Below we provide a snapshot of how the rules will affect you in various borrowing situations.
Buying a home with 20% down payment or more
Guideline B-20 states that the minimum qualifying rate for uninsured mortgages has to be the greater of the 5-year benchmark rate, or the contractual mortgage rate + 2%. This “stress test” allows a lender to ensure that a borrower’s housing expenses compared to their income remain below a certain threshold – even if the rates rise.
This will have the effect of more buyers settling for less expensive homes or waiting until they have saved up for a larger down payment.
If you have signed a purchase agreement on a new home prior to January 1, 2018, lenders will not have to apply the stress test, even if you apply for a mortgage this year. If you have been pre-approved for a mortgage, some lenders may give you 120 days after January 1, 2018 to buy your new home without having to undergo the stress test.
Renewing your mortgage
The stress test will not be applied to borrowers renewing an existing mortgage. However, if borrowers are shopping around for a better rate, the competing financial institution will need to qualify the application within the new rules.
If you had a mortgage refinance commitment in place prior to December 31, 2017, you will have 120 days to act on this commitment without being subjected to the stress test.
Refinancing your mortgage
A borrower will have to qualify for a refinance of their mortgage according to the stress test, meaning that you might have to settle for a smaller loan.

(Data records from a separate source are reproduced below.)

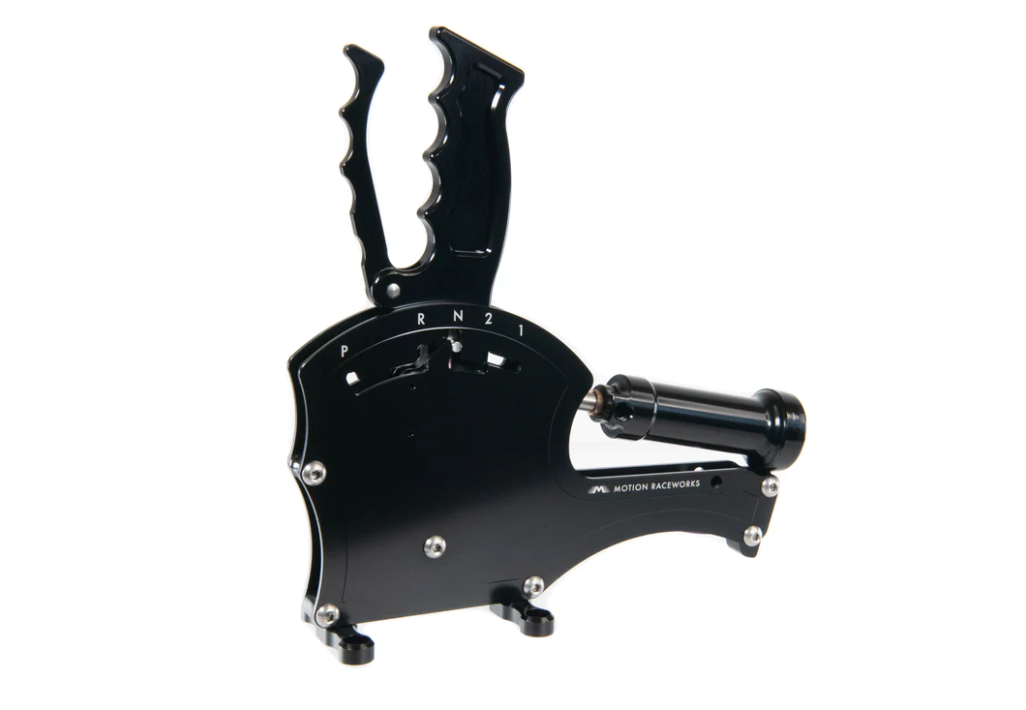 Powerglide Operator Series Billet Shifter Rear Exit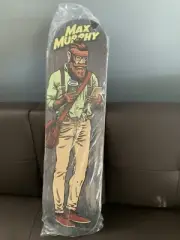 StrangeLove Skateboards Max Murphy Fashion Monsters 8.5” Skateboard Deck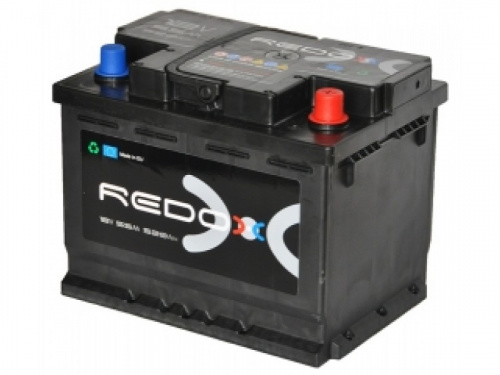 Аккумулятор REDOX 55 L+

Another option that borrowers might explore are credit unions. As noted above, Guideline B-20 only applies to federally-regulated financial institutions. This means that you may continue to borrow, without a stress test, from a provincially-regulated credit union. It is important to keep in mind that most credit unions adopt federal guidelines on a voluntary basis. However, this would mean that they would be able to make some exceptions that federally-regulated financial institutions are unable to make.
Guideline B-20 might seem daunting, however, it should be seen as a method of protection against personal debt. These new rules were put forth in an effort to protect borrowers in the current housing environment where we have seen an upward trend in housing prices, leaving some unable to make payments, should the mortgage rates rise.
It should be noted that the stress test only applies to conventional mortgages putting 20% or more down on their mortgage. As such, this will only apply to a certain segment of homebuyers. Borrowers that put down less than 20%, mainly first-time home buyers, will not be affected by the stress test. These borrowers qualify for Insured Mortgages. The qualifying rate for Insured Mortgages will remain at the 5-year posted rate.
It would benefit borrowers to discuss their options with a mortgage specialist who can advise the best course of action. This ensures that borrowers can confidently enter the housing market without risking their financial wellbeing.